RSPB now monitoring raptor nests on Bowland’s Private Shooting estates

In the aftermath of the removal of Scientific Disturbance licenses previously held by members of the North West Raptor  Protection Group, RSPB licensed field workers have now taken over responsibility to fill the gap covering Bowland’s privately owned shooting estates previously out of bounds to the RSPB. This is a welcome development and would seem to indicate the ban restricting the Society’s entry upon these privately owned moorlands has at long last been lifted.

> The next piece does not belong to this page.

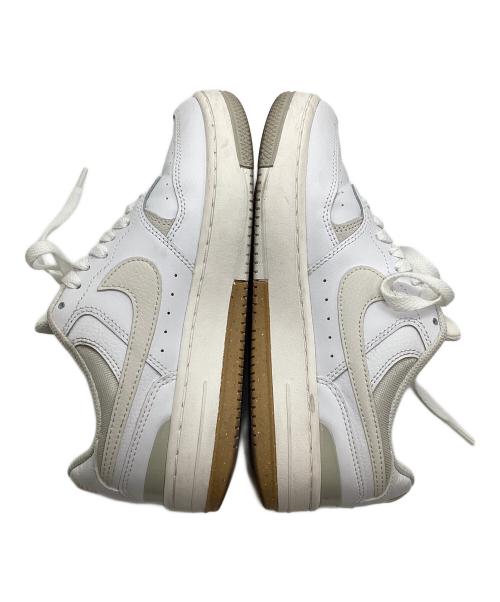 NIKE（ナイキ）NIKE (ナイキ) ローカットスニーカー ホワイト サイズ:23.5の古着・服飾アイテム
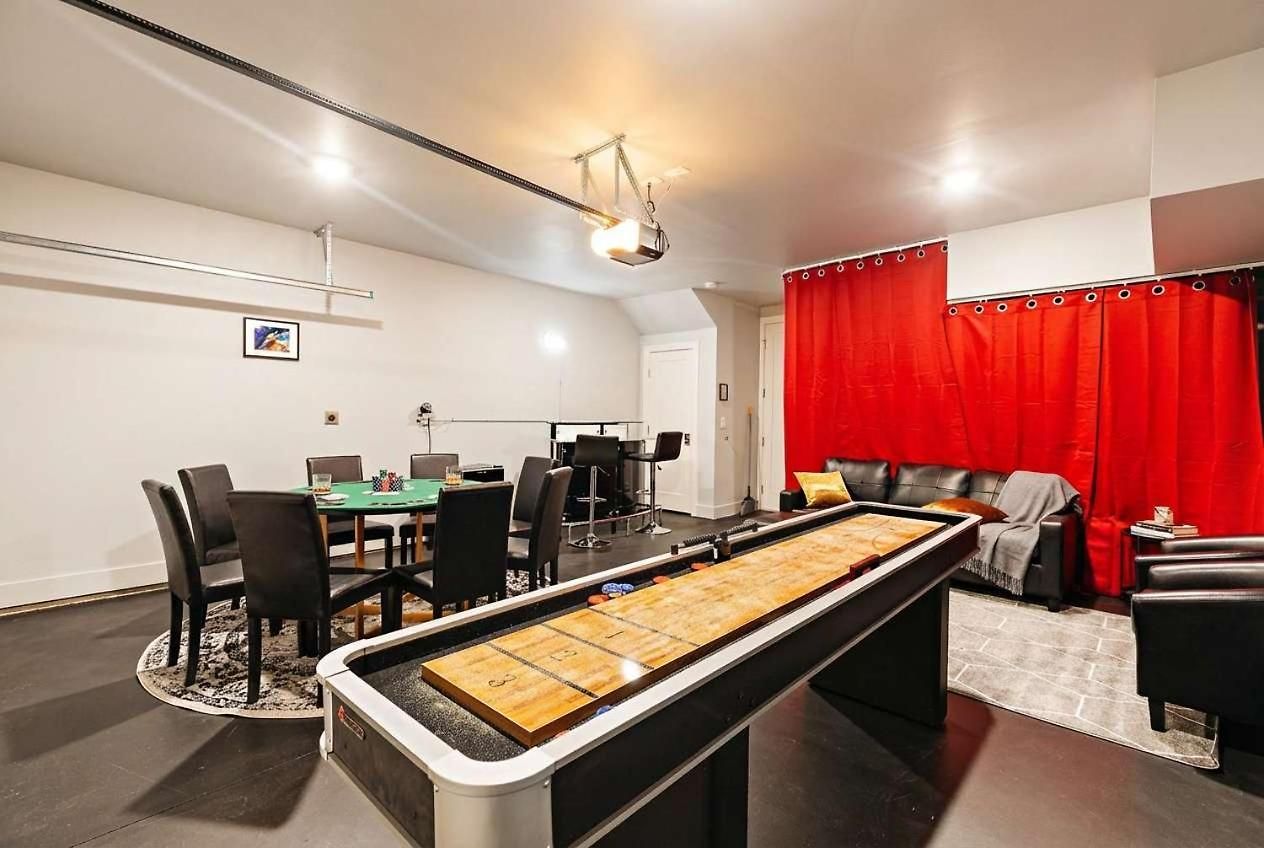 Private With Rooftop Game Near Downtown Holiday home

On Sunday 17 April the first of a number of peregrine nests located outside the United Utilities boundary was visited by two RSPB licensed field workers where a ground nest was quickly located on the Abbeystead estate containing four freshly laid eggs. Today Monday 1 May RSPB workers were observed visiting a second Bowland estate at Bleasdale where licensed field workers began their search for occupied nests on the western side of the estate.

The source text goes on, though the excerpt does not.